Caption-style text data
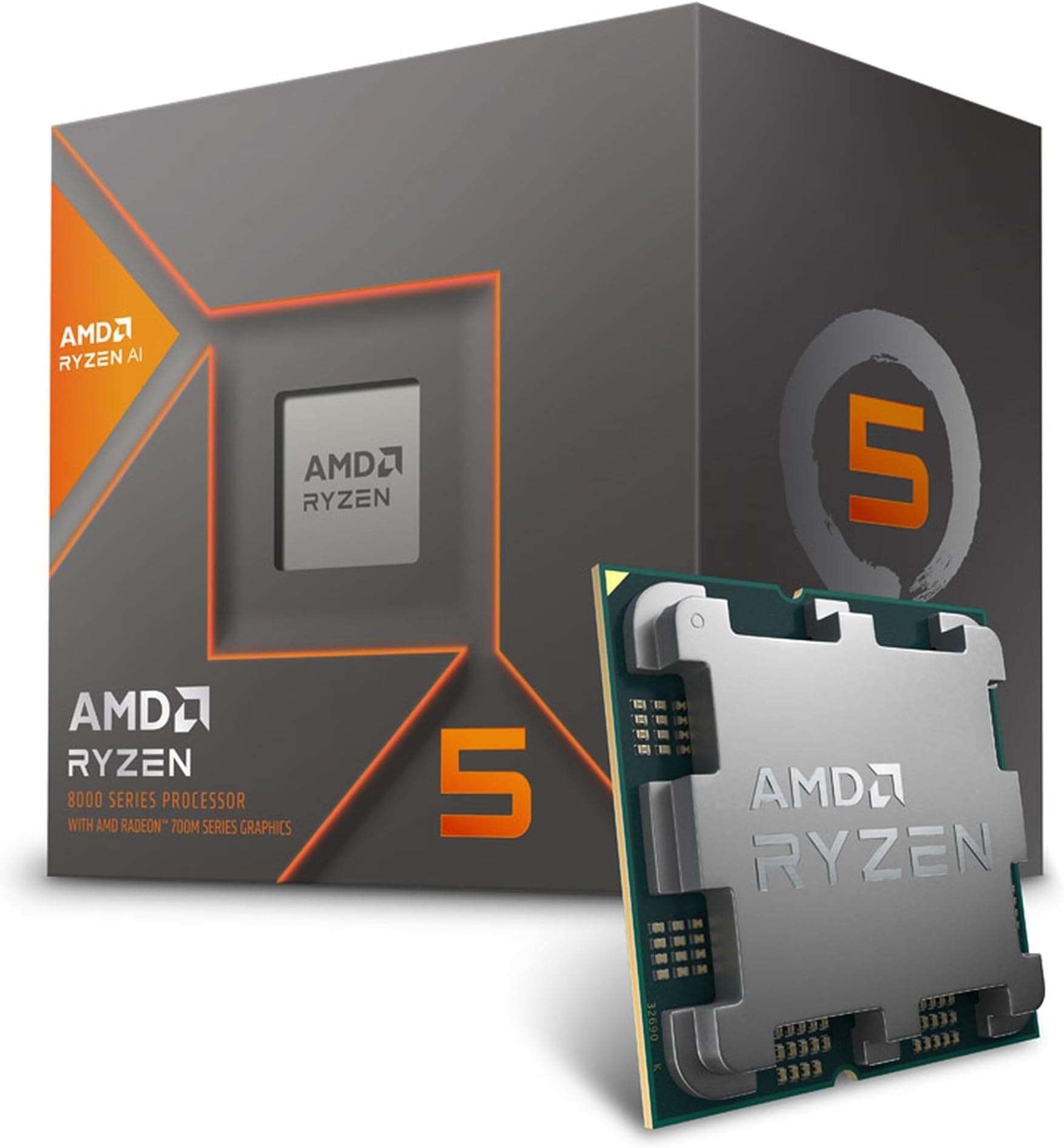 AMD Ryzensets 5 8600G processor (integrated Radeon Graphics,Ryzensets AI, 6 cores/12 threads, 65W TDP, AM5 Socket, Cache 22MB, up to 5,0Ghz max booth, with wraith stealth cooler)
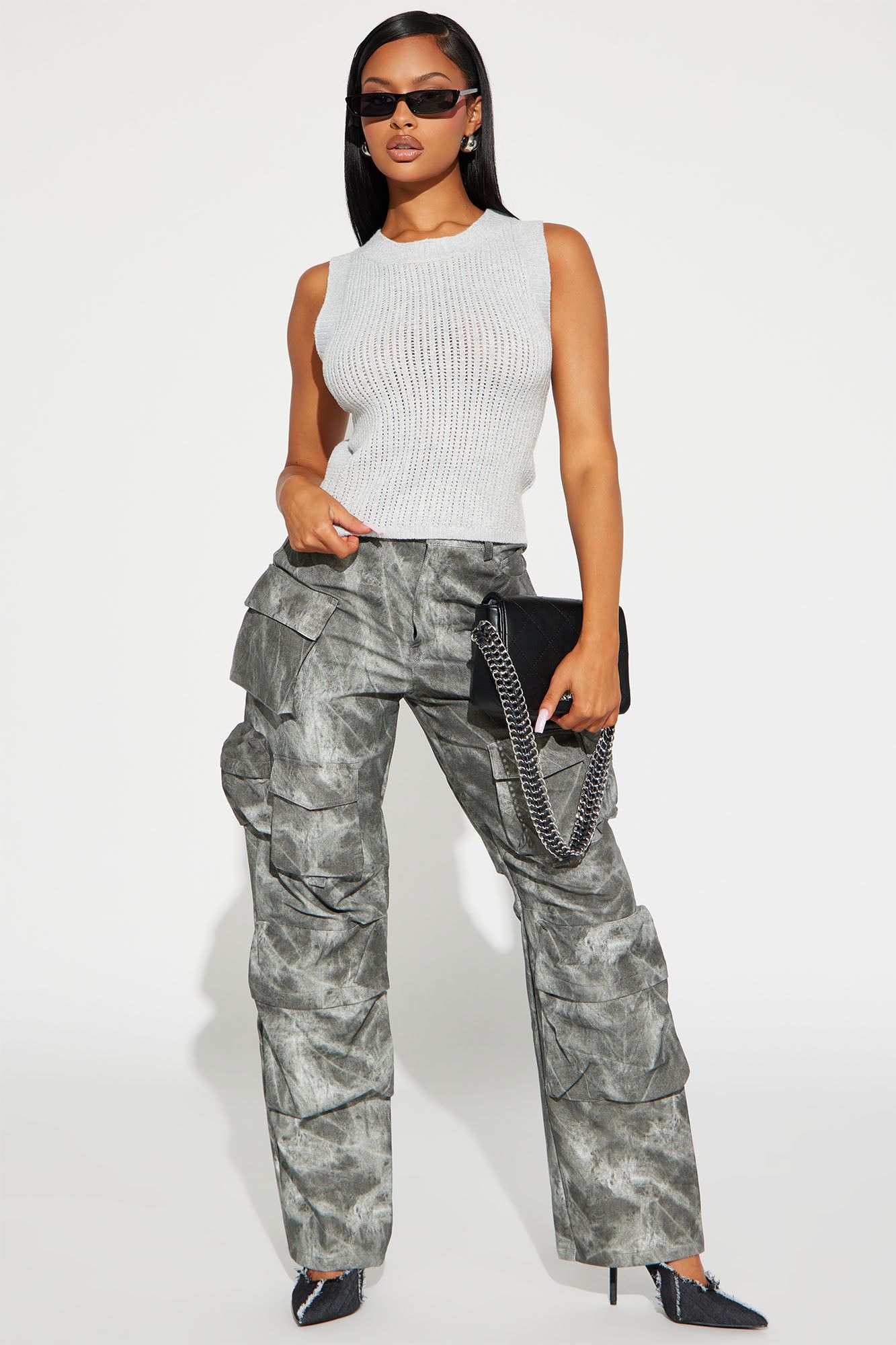 Corneila Sweater Tank - Grey sold by Fashion Nova product image thumbnail 2
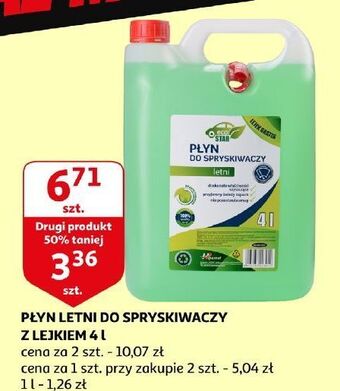 Auchan Płyn do spryskiwaczy letni eco star oferta
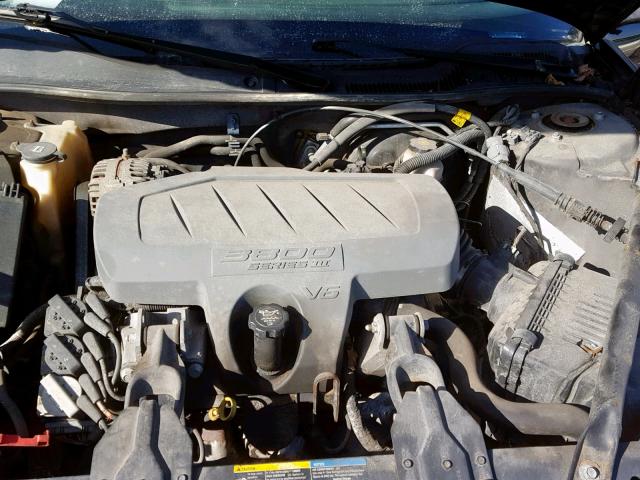 2G2WP552381168815 - 2008 PONTIAC GRAND PRIX BLACK photo 7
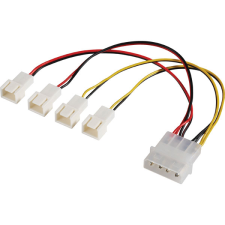 Akasa AK-CB001 Molex - 4x Molex ventilátor adapter kábel 15cm kábel és adapter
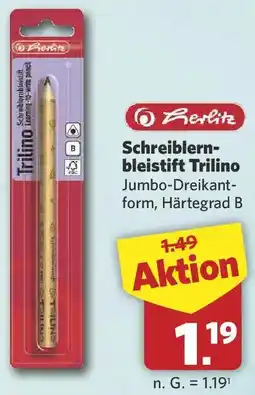 Combi Herlitz Schreiblernbleistift Trilino Angebot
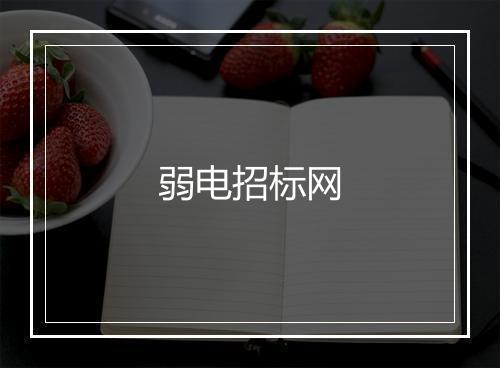 弱电招标网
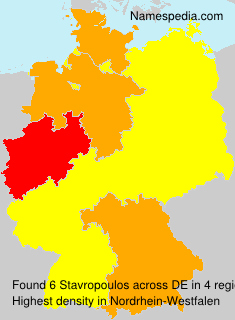 Surname Stavropoulos in Germany Surname Stavropoulos in Germany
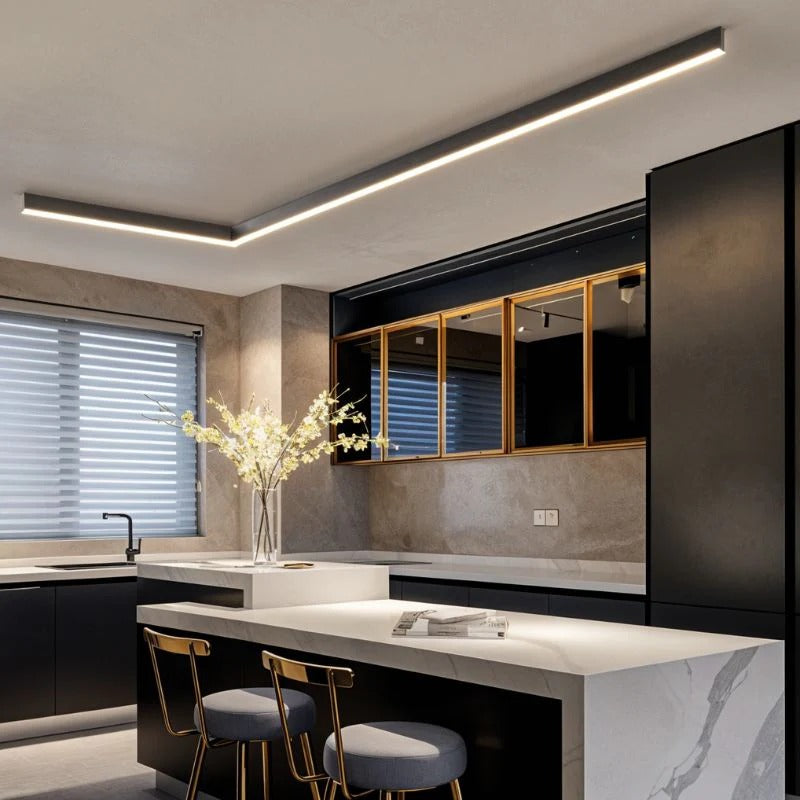 Modern Linear LED Ceiling Light | Hallway | Linear Design | Flush Mount | Minimalist | Lologe
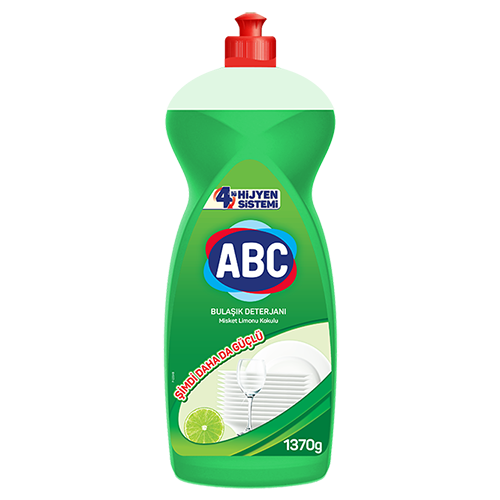 ABC Deterjan ABC Bulaşık Deterjanı Misket Limonu (1370 gr)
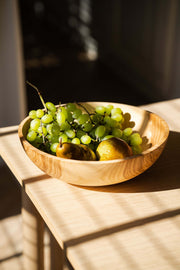 Hand-Carved Wood Nesting Bowl Set
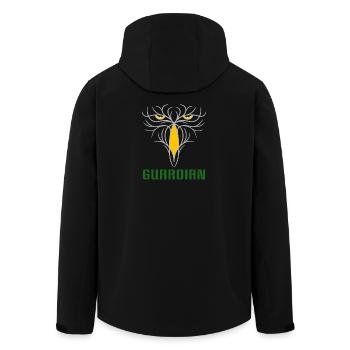 GUARDIAN - Taktisches Raubvogel-Design - Recycelte Männer Softshell-Jacke von Stanley/Stella - Schwarz - Hinten - AI Model Male 185 light (185cm)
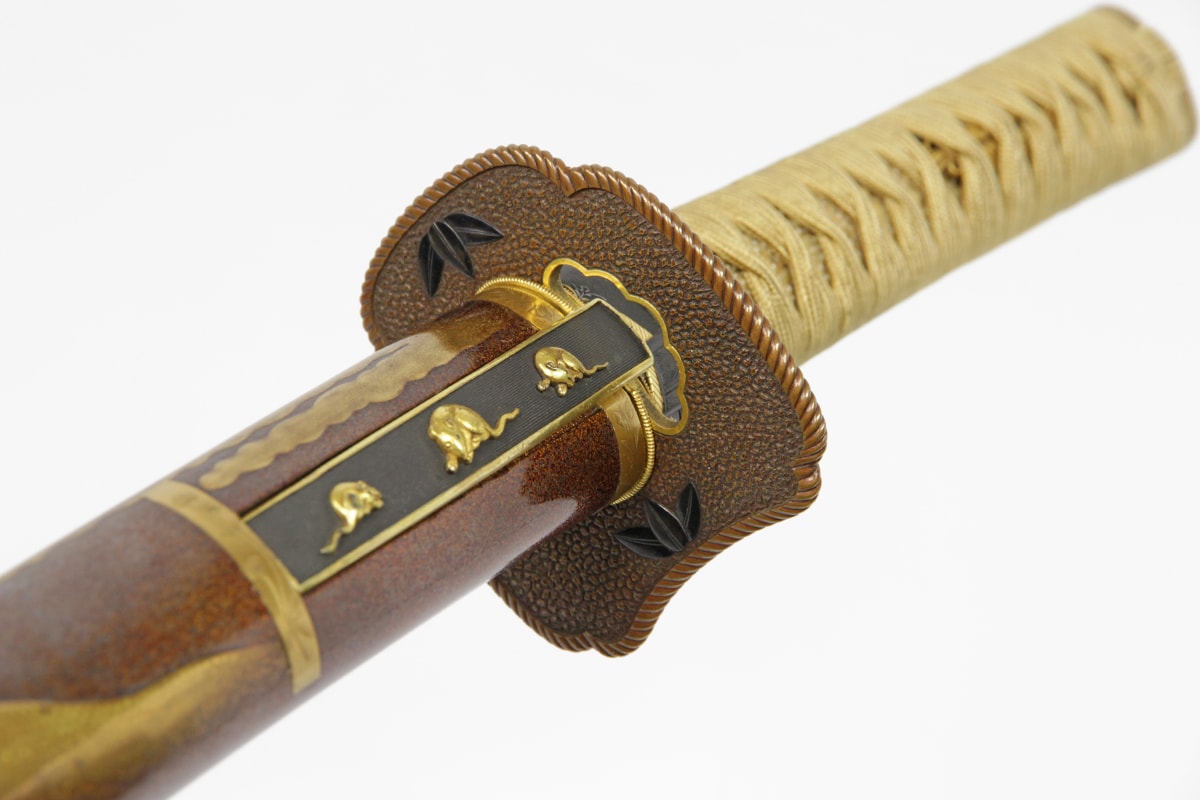 Museum grade Katana signed Kunishige with Gold Koshirae - Nihonto Art - Photo 6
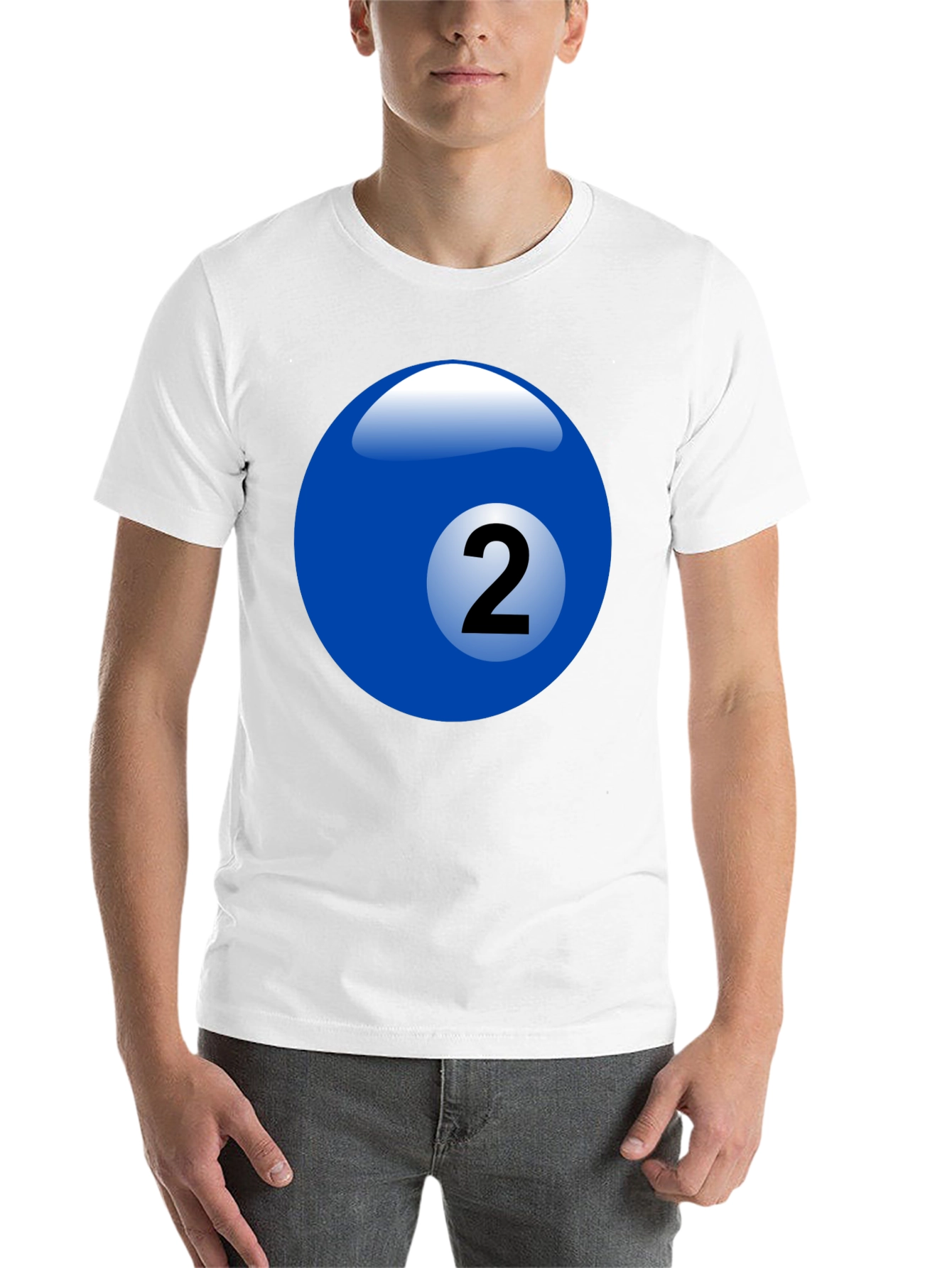 Black Billiard Ball Number 2 Graphic T-Shirt view 14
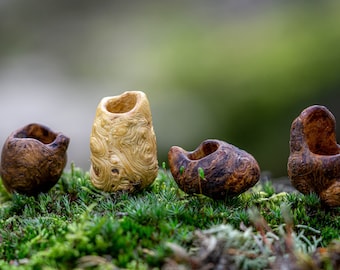 8 mm Dreadperlen aus Baumperlen einer Eiche - naturbelassenen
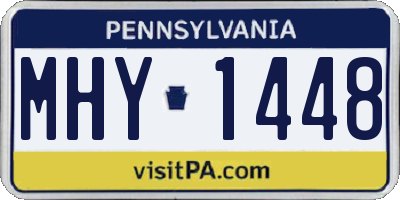 PA license plate MHY1448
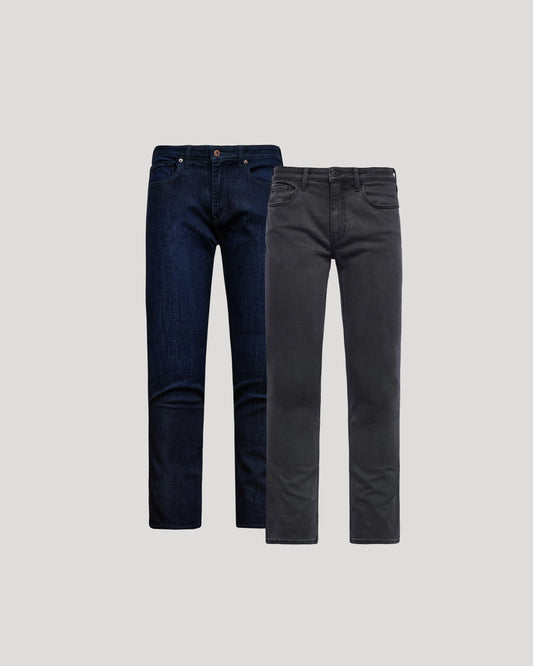 Straight Comfort Stretch Jeans 2-Pack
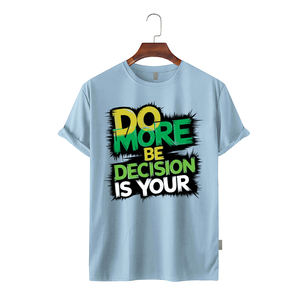 T-shirt à manches courtes en coton tricoté respirant et écologique pour hommes grande taille, tendance 2026, avec logo personnalisé sur le devant, vente en gros OEM - Product Image 6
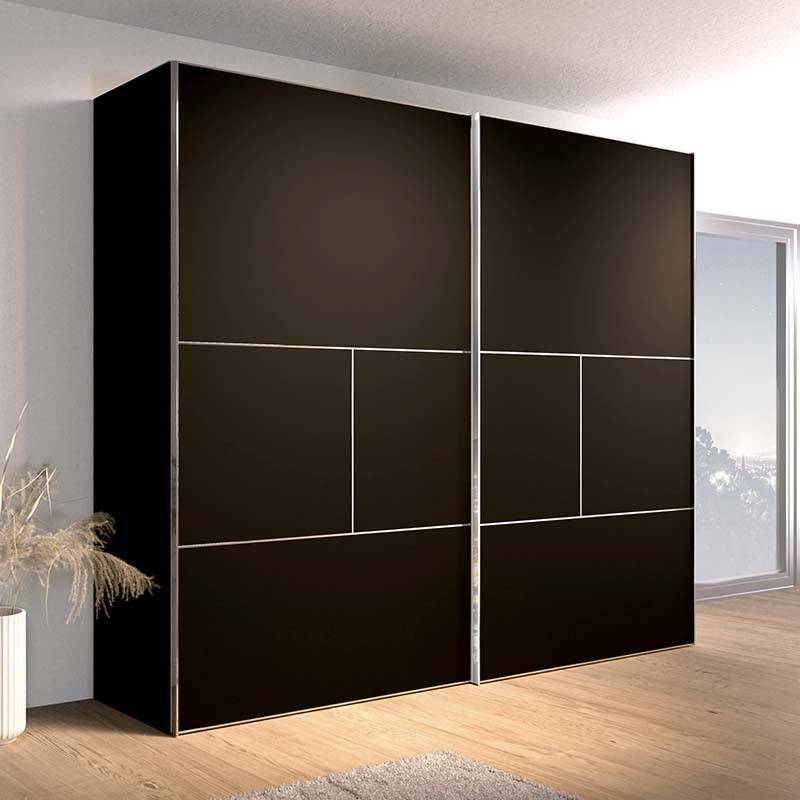 Hülsta METIS 21 – Kleiderschrank Supermatt schwarz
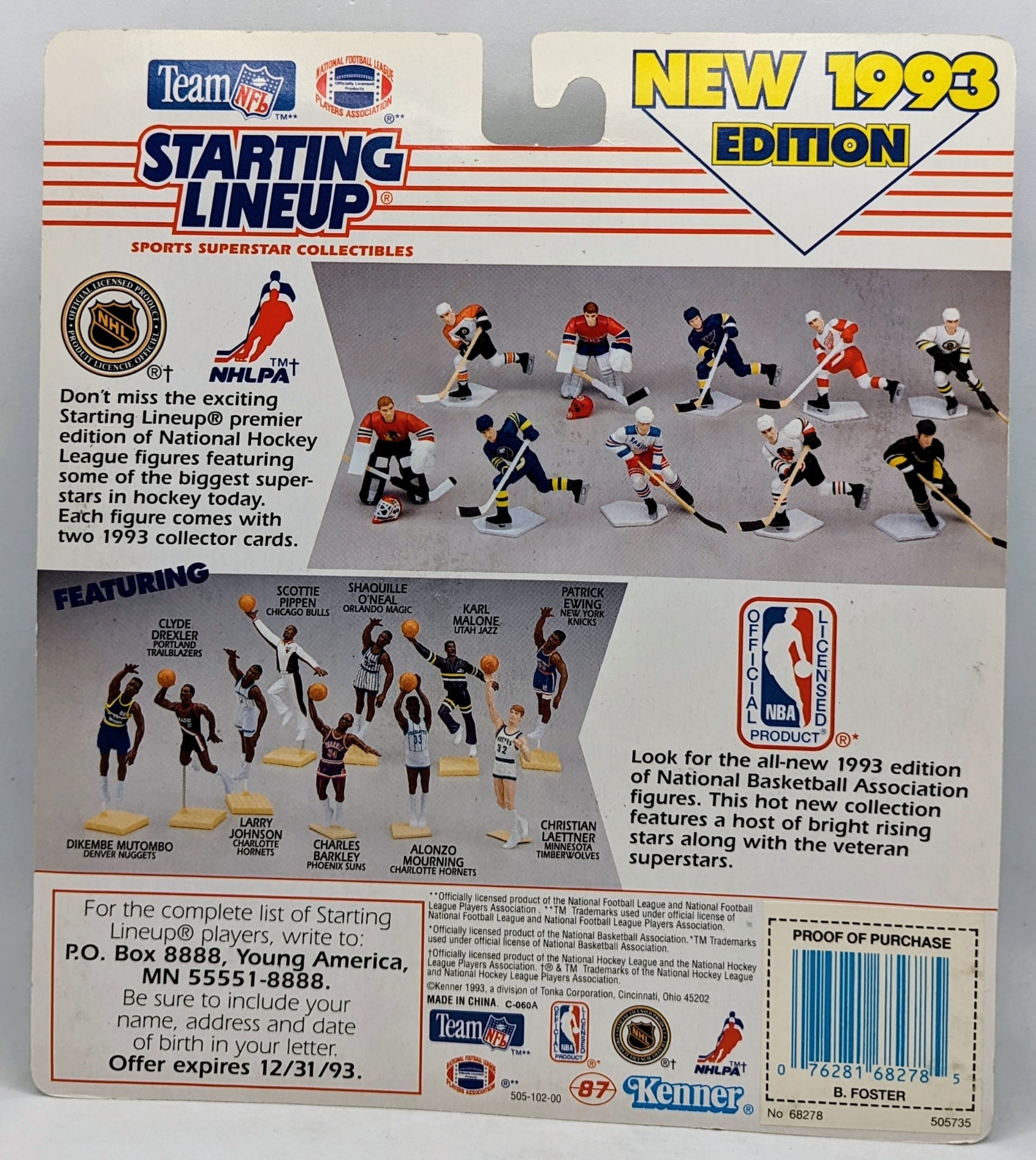 1993 Kenner Starting Lineup Barry Foster Pittsburgh Steelers NFL Figure image 2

TASK BRIEF:
Your output is the lines from the top of the entries through the line containing "Corneila Sweater Tank", exactly as they stand. No pictures belong in it.

PROBLEM SOLUTION:
 AMD Ryzensets 5 8600G processor (integrated Radeon Graphics,Ryzensets AI, 6 cores/12 threads, 65W TDP, AM5 Socket, Cache 22MB, up to 5,0Ghz max booth, with wraith stealth cooler)
 Corneila Sweater Tank - Grey sold by Fashion Nova product image thumbnail 2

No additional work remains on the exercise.